[Items listed in a dataset]
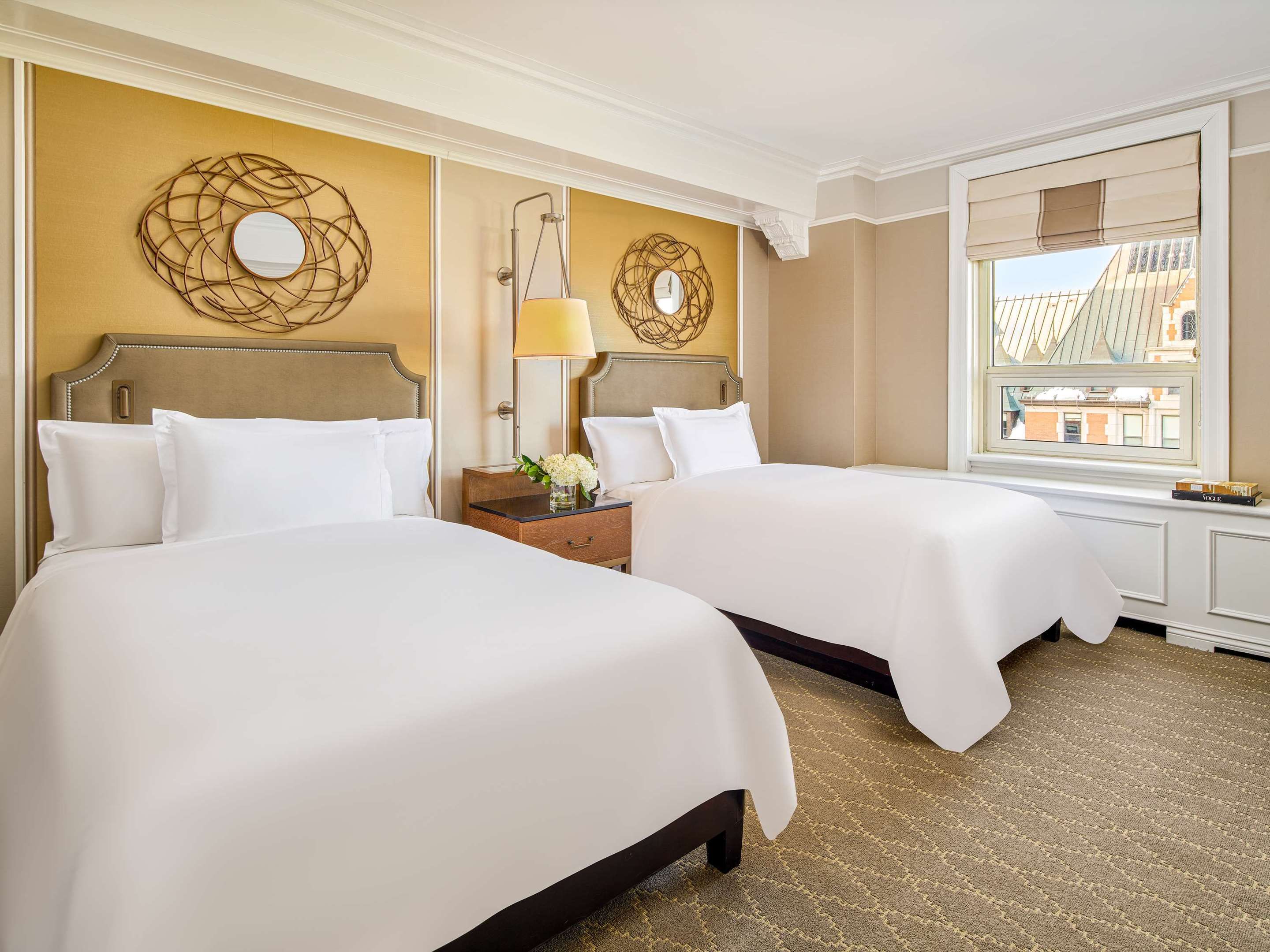 Fairmont Le Chateau Frontenac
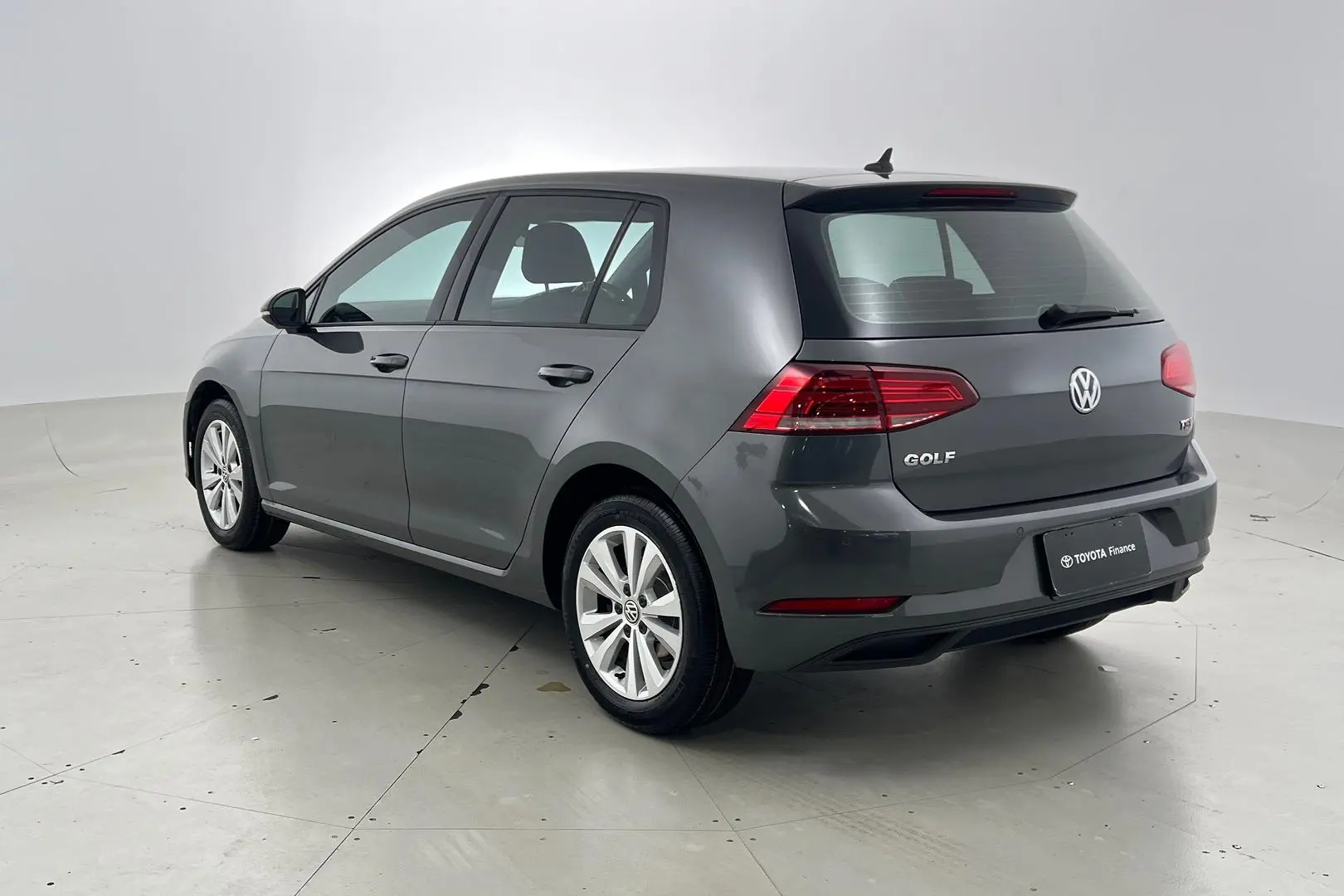 2017 Volkswagen Golf Gallery Image 8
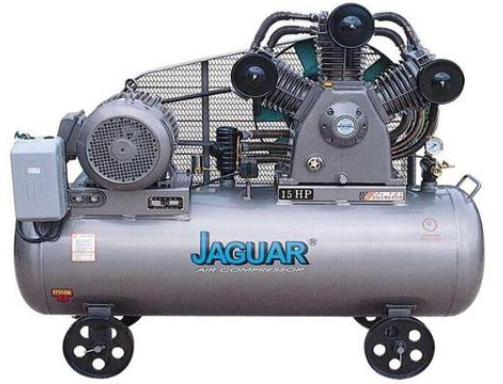 江門捷豹空壓機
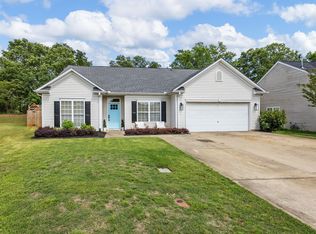 422 N Musgrove Ln, Duncan, SC 29334
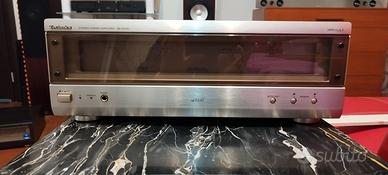 Amplificatore Technics SE-A1010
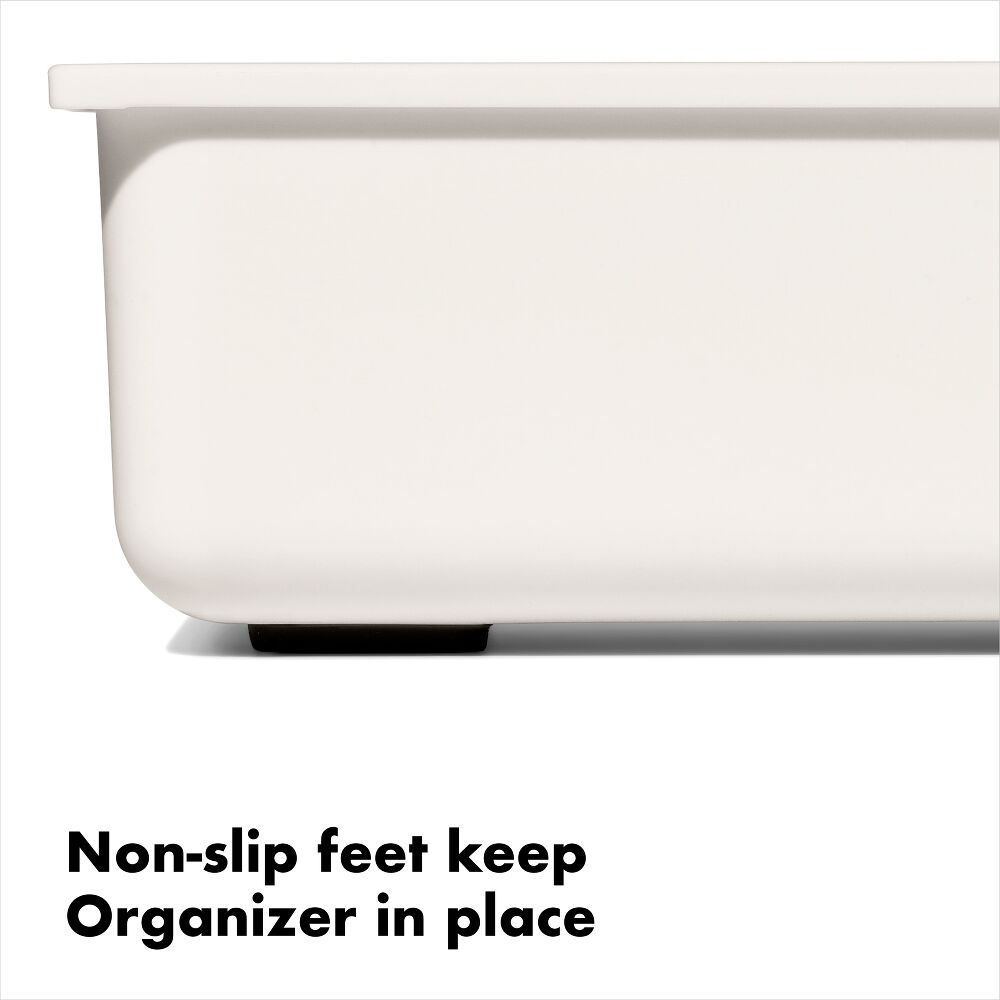 Compact Knife Drawer Organizer M3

Your assignment: All of the entries must be reproduced exactly, apart from the pictures, which are to be dropped.

Task result:
 Fairmont Le Chateau Frontenac
 2017 Volkswagen Golf Gallery Image 8
 江門捷豹空壓機
 422 N Musgrove Ln, Duncan, SC 29334
 Amplificatore Technics SE-A1010
 Compact Knife Drawer Organizer M3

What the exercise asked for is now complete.